### Instructions for the task
Beginning with the line that contains "this 140×140 image.", transcribe every line down to the end of the entries, exactly, and no other lines.

[Dataset items]
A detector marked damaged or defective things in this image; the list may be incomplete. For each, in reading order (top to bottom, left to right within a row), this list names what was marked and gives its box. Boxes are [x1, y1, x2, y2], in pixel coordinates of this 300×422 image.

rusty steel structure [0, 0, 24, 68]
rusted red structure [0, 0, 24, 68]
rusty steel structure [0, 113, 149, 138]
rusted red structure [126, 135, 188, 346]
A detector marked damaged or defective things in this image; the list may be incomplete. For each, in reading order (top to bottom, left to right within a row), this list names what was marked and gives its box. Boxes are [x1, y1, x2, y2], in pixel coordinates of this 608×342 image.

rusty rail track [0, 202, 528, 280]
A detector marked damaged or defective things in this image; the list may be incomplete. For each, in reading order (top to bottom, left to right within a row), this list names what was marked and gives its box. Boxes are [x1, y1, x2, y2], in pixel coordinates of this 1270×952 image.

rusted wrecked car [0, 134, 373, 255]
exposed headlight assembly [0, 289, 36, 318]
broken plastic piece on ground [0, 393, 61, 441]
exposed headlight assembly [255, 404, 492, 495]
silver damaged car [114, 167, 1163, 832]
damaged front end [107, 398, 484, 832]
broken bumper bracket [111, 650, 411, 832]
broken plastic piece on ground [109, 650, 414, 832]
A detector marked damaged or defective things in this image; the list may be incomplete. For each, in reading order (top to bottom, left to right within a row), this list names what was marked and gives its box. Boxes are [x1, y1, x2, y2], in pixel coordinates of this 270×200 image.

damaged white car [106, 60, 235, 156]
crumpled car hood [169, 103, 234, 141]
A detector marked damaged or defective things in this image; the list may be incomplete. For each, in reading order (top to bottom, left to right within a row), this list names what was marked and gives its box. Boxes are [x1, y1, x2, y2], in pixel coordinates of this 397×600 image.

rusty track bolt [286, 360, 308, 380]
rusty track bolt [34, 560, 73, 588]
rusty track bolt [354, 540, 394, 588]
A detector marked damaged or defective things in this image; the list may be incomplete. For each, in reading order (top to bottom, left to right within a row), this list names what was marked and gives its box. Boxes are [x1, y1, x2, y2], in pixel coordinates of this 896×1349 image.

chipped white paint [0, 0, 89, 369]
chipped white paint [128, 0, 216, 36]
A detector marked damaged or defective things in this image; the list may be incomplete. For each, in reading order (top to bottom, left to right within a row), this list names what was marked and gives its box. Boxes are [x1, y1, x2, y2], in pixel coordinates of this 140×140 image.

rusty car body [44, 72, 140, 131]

### Completed exercise
A detector marked damaged or defective things in this image; the list may be incomplete. For each, in reading order (top to bottom, left to right within a row), this list names what was marked and gives its box. Boxes are [x1, y1, x2, y2], in pixel coordinates of this 140×140 image.

rusty car body [44, 72, 140, 131]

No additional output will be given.